Monday, September 7, 2009

labor day

Growing up on Lookout Mountain, there were a gazillion pine trees - half of which were in our yard on Scenic Highway. Our yard was so huge that it took a poor kid five hours to mow it with a push mower. I was that poor kid. There were always plenty of pine trees for every kid in the neighborhood to hide behind during a game of hide & seek. Ours was the yard to come to if you wanted to build a pine needle fort or have a good pine cone battle.

Every time I think of Labor Day, I think of pine needles. Labor Day to all the Finlayson kids meant laboring in the yard. We might have been freed from school work, but we were not free from raking pine straw. You wouldn't believe the pine needle yield we harvested each year. I spent all of my youth with the misconception that one had to work on Labor Day.

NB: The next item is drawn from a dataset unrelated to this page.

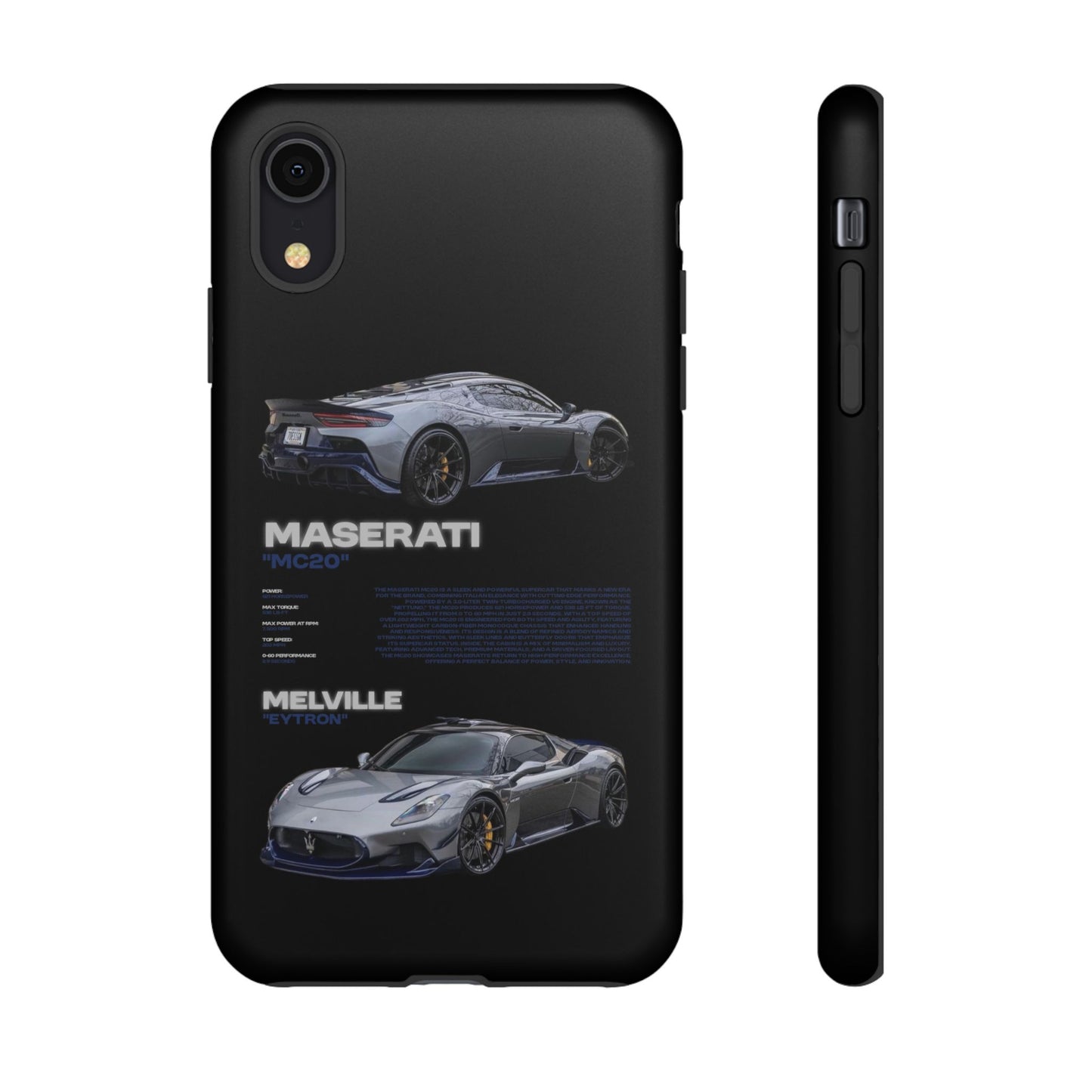 "MC20" Sturdy Case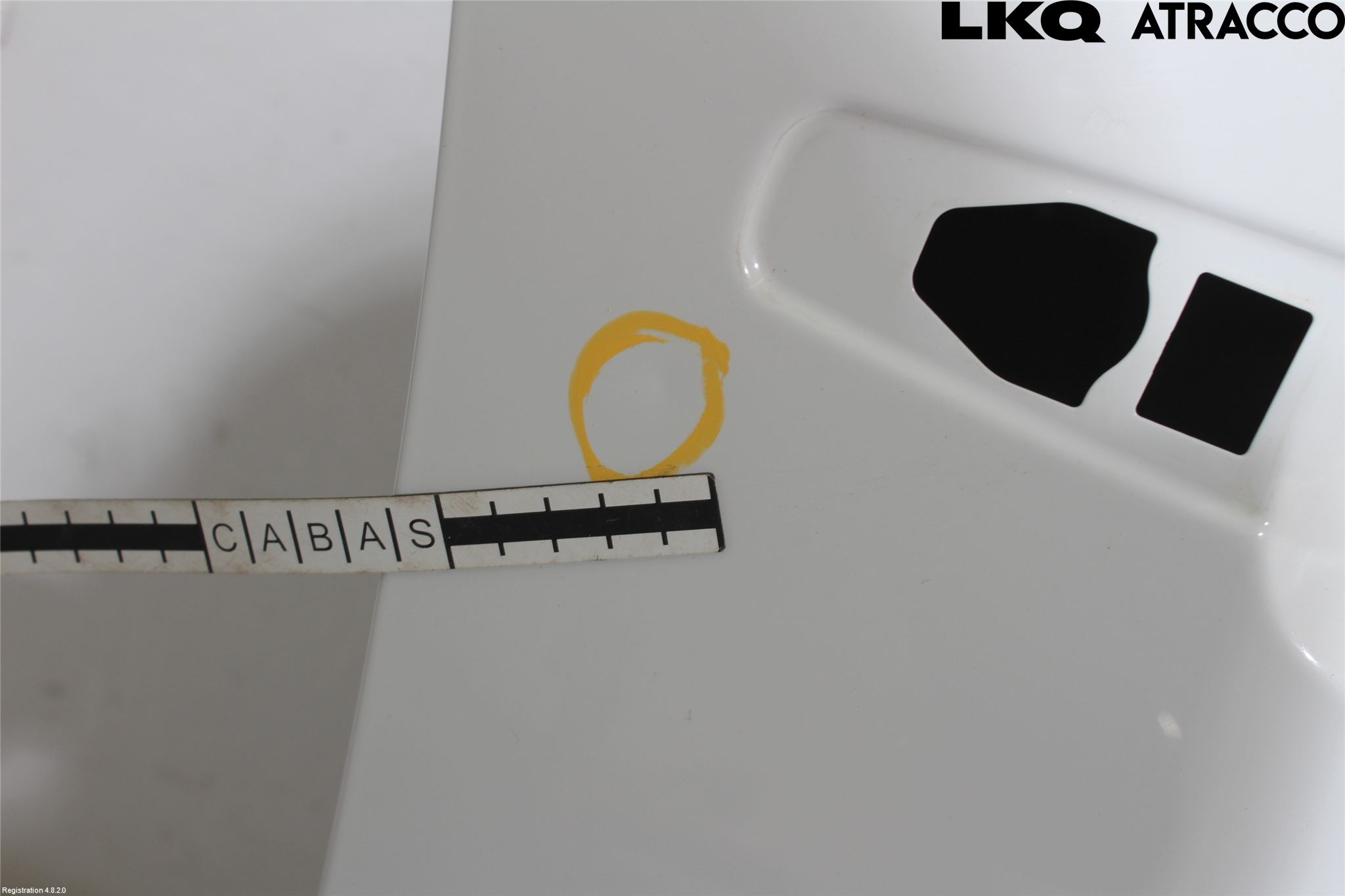 Jaguar F-PACE Dörr Fram Höger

Today I am at the our clinic. Lymphedema patients need to receive five days of lymphedema treatment per week. This usually means that most holidays - Gina has to work. Since we've opened our practice, Gina works through most holidays and even on Christmas Eve. So today I am at the office thinking of the holiday and wondering why it works out in favor for so many families but my family. Labor Day is and I guess will always mean a labor day. No ribs on the backyard barbie, just ham sandwiches at the clinic. The upside to this Labor Day is that I still get to be with family, and I don't have to pick up a rake.